PyEMD
PyEMD copied to clipboard
Cython support
Improving performance by migrating some of the code to Cython.
Maybe it's much easier (and even faster performance) by implementing Numba in the code. @laszukdawid @nescirem See: https://numba.pydata.org/numba-doc/latest/user/5minguide.html https://stackoverflow.com/questions/53170786/why-is-cython-so-much-slower-than-numba-when-iterating-over-numpy-arrays https://jakevdp.github.io/blog/2013/06/15/numba-vs-cython-take-2/
Hey everyone, Happy 4.5 years later!
Just wanted to mention that PyEMD 1.4.0 introduced JitEMD
(https://github.com/laszukdawid/PyEMD/pull/133). If there's interest in it then I'd likely do a bit more work on it.
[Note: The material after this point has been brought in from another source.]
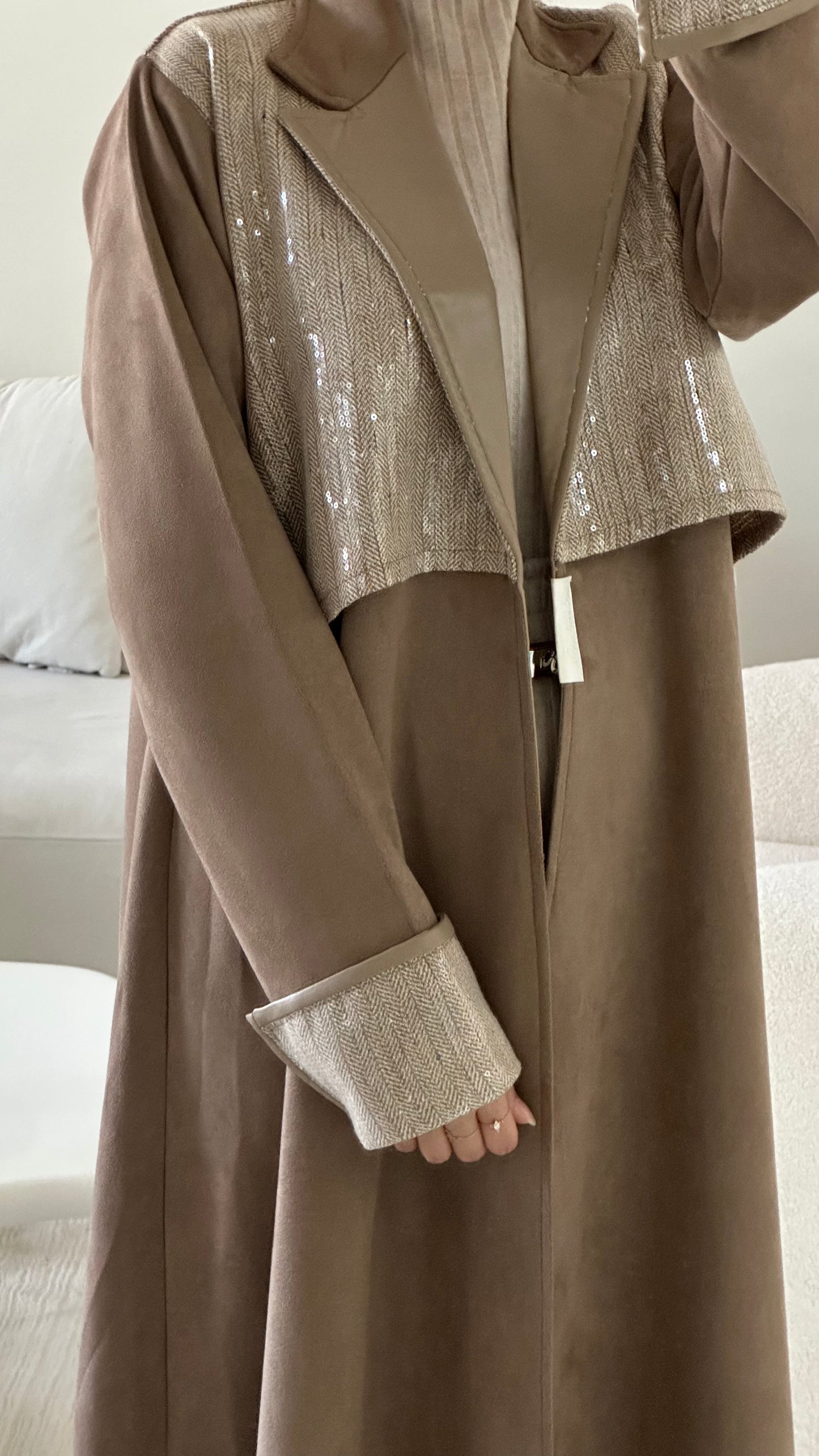 Beige Tweed X Leather Abaya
I've been postponing work on it since I've tried Numba a few years back and it was extremely limited. Then life came in and PyEMD was significantly lower on priority. A few months ago there was a new wave of interest (tickets) so thought that it might be nice to do some extra work. Numba is now much better but JIT isn't still the best option here. It takes quite a long time to compile everything and most of the code was already using low level Numpy methods, i.e. written in C. But I realised that may of you use EMD in notebooks - import once and then reuse, in which case 20 s of compiling once and then saving 1 second on each usage might be beneficial.
I'd be curious to hear whether this helps.
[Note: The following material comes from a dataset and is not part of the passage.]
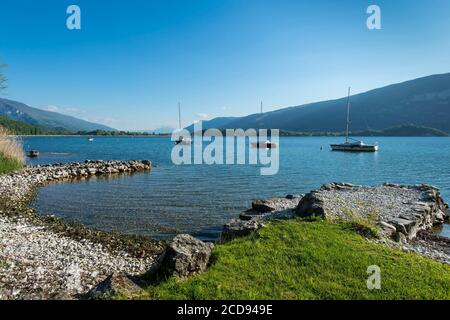 Frankreich, Savoie, Bourget-See, Aix les Bains, Alpen-Riviera, wilde Küste in Conjux Stockfoto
I am new to PyEMD. Just a few weeks ago I googled on internet and tried to find the best "EMD" algorithm and see if I can do something with it in the future. After digging into a bit depth, I found this package is the most advanced one since it includes several different implementation, EMD, EEMD and CEEMDAN. I personally is more interested in CEEMDAN (however, I don't know much in deep theory and just get an impression that it is one of the best as of today). I tried it with a few tests and the only major issue for me is the speed. The following is the testing code:
import time
import numpy as np
import multiprocessing as mp
from PyEMD import CEEMDAN
def EMDecomp(iy, ix, ia):
return ceemdan(gather[iy, ix, ia], t, max_imf=3)
if __name__ == "__main__":
dat_file = "aaa.npy"
gather = np.load(dat_file)
print(f"{gather.shape = }") # gather.shape = (9, 9, 8, 151)
print(f"{gather.dtype = }") # gather.dtype = dtype('float32')
ny, nx, na, nt = gather.shape
t0 = 0.0
dt = 0.004
t = np.linspace(t0, t0 + (nt - 1) * dt, num=nt, dtype=np.float32)
t1 = time.time()
ceemdan = CEEMDAN(DTYPE=np.float32, extrema_detection="parabol", trials=20)
nproc = 16
pool = mp.Pool(processes=nproc)
for iy in range(ny):
itrmap = [(iy, ix, ia) for ix in range(nx) for ia in range(na)]
signal = np.array(pool.starmap(EMDecomp, itrmap), dtype=np.float32)
t2 = time.time()
print(f"\ntotal time: {t2 - t1:.2f} sec\n")
it takes about 40 seconds. I think it would be ideal if the time can be reduced by a factor of 100, because in my real cases, (nx * ny) is about 1000000; na is between 4 and 8, and "nt" is a bit longer, around 500. However, this may be difficult if using python.
Thanks again for your time and work.
It's been 5 years since the idea came about. I'm unlikely going to do it. I've added JIT support which should help in worst cases. I'm playing around with Jax so if it fits I might update it as well. However, Cython is unlikely to happen so I'm closing this ticket.